The photos above, including the 1596 work by El Greco (left) and Mildorfer’s piece from the 1750s (right), feature tongues of fire or brightly colored doves, fabrics, and candles representing most of my past Pentecost experiences

Yesterday was the feast of Pentecost, final day of the season of resurrection, of Eastertide, as we tend to call it at Kern Road, and observance of the descent of the Holy Spirit on the apostles and other followers of Jesus.

“Pentecost, 50 days after Easter Sunday, celebrates the coming of the Holy Spirit and the birth of the church.  As the Holy Spirit fell on the disciples, the barriers of language and culture were broken down, not so that everyone thought and looked the same, but so that everyone understood each other in their own language and culture.  This festival draws us beyond the resurrection to remind us that through the coming of the Holy Spirit we become part of a transnational community from every nation, culture, and social class,” Christine Sine wrote some years ago in a Pentecost post at Mustard Seed Associates’ Godspace website.

The Spirituality and Practice website suggests that Diana Eck, in her book Encountering God, “describes the dramatic and creative ways Pentecost was celebrated in the Middle Ages.

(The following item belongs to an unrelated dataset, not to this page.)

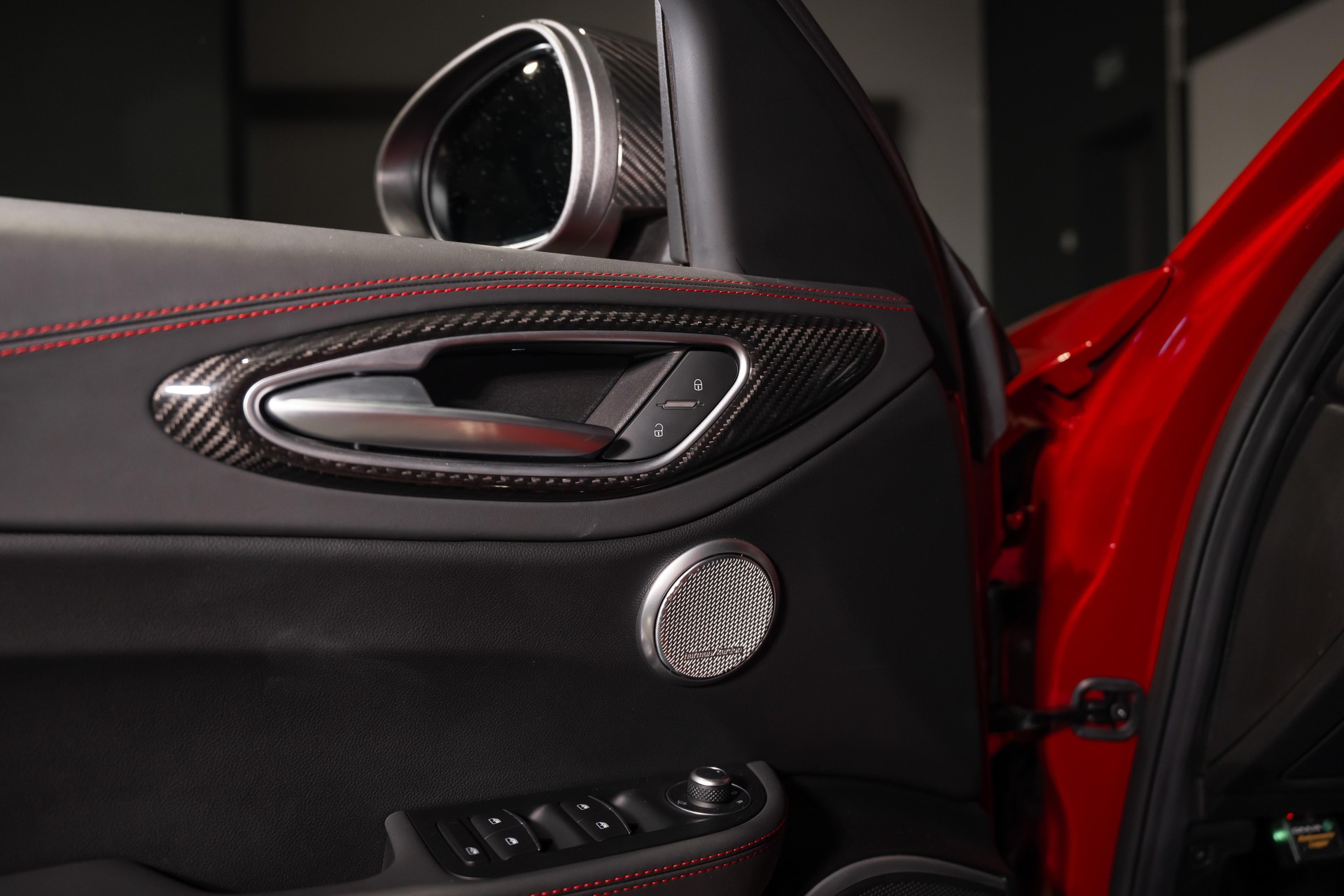 ALFA ROMEO Giulia 2.9 V6 Biturbo Quadrifoglio-image-26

Some churches had ‘Holy Spirit holes’ in the ceiling to symbolize their openness to God. On Pentecost, doves were released through the holes and bundles of rose petals were dropped from them onto the people gathered inside. Choirboys moved through the congregation making whooshing sounds and playing drums to remind everyone of the rush of the Spirit.” 

Jan Richardson’s Blessing for Pentecost Day speaks of the grace that scorches us.  She says, “If we didn’t know it before, we surely know it now, as the second chapter of Acts unfolds:  this is no tame God who comes to us, no safe and predictable deity. This is the God whose loving sometimes takes the form of scorching.  Before he left, Jesus told his friends he would send them the Advocate, the Comforter. Now we see this Comforter coming as wind, as flame, reminding us that comfort is not always comfortable, for it makes itself known in community, where we find the most searing challenges—and the deepest blessings—we will ever know.”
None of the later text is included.